■ EXERCISE PROMPT: As soon as the line containing "Watch Trouble Man Sockshare" appears in the material below, start returning lines exactly, and end with the line containing "Laura Cimarra podcast artwork".

■ INFORMATION SHOWN:
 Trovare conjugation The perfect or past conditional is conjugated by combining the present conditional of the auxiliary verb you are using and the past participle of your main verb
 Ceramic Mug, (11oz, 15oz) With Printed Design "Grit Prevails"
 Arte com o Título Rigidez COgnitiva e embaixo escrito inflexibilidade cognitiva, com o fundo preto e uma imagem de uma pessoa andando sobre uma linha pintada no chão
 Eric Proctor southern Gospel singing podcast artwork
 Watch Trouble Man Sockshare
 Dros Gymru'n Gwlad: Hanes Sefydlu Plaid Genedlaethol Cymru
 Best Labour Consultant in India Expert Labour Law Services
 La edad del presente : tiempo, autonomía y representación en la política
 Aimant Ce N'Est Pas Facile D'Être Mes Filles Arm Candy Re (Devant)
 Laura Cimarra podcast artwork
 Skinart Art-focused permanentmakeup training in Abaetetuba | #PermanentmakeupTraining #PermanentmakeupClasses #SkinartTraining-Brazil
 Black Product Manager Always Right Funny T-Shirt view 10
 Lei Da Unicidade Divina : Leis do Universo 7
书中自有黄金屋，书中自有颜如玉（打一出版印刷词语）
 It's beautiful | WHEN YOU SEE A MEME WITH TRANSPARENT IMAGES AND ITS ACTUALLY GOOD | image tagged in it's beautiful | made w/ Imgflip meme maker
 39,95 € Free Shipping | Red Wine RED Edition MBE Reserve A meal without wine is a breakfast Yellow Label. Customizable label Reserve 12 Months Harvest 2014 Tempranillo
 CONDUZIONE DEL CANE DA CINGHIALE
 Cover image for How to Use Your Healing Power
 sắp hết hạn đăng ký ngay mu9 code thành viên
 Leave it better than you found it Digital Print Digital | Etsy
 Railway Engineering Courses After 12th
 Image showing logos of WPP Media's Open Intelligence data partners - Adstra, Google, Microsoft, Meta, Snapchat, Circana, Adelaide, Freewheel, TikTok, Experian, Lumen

■ OUTPUT OF THE TASK:
 Watch Trouble Man Sockshare
 Dros Gymru'n Gwlad: Hanes Sefydlu Plaid Genedlaethol Cymru
 Best Labour Consultant in India Expert Labour Law Services
 La edad del presente : tiempo, autonomía y representación en la política
 Aimant Ce N'Est Pas Facile D'Être Mes Filles Arm Candy Re (Devant)
 Laura Cimarra podcast artwork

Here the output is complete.